### DATA FOR THE TASK
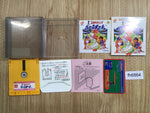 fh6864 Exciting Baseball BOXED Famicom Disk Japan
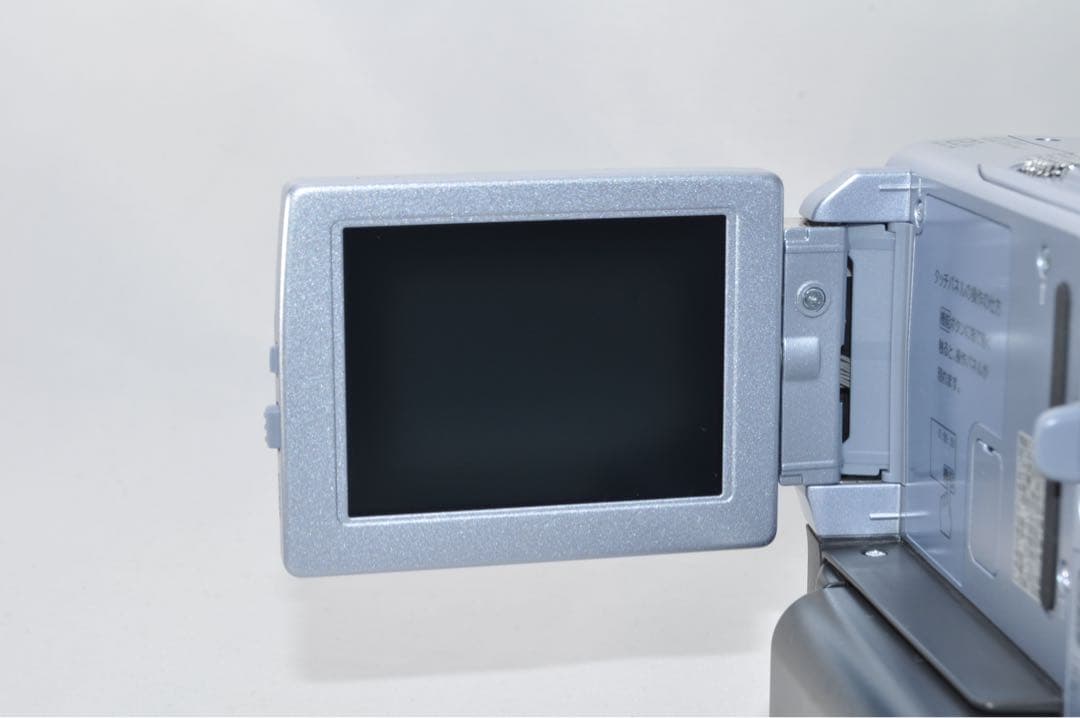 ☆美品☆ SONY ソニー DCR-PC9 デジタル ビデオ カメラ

* * *

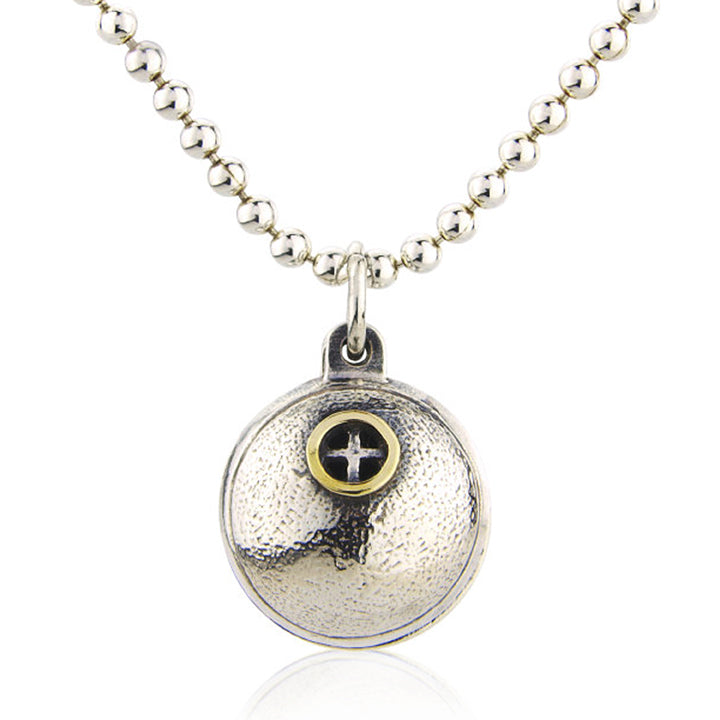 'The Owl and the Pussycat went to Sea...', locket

### THE PROBLEM
Give again the lines of the listing above that run from the one with "fh6864 Exciting Baseball" up to and including the one with "デジタル ビデオ カメラ". Keep them exact and omit the pictures.

### OUTPUT FOR THIS EXERCISE
 fh6864 Exciting Baseball BOXED Famicom Disk Japan
 ☆美品☆ SONY ソニー DCR-PC9 デジタル ビデオ カメラ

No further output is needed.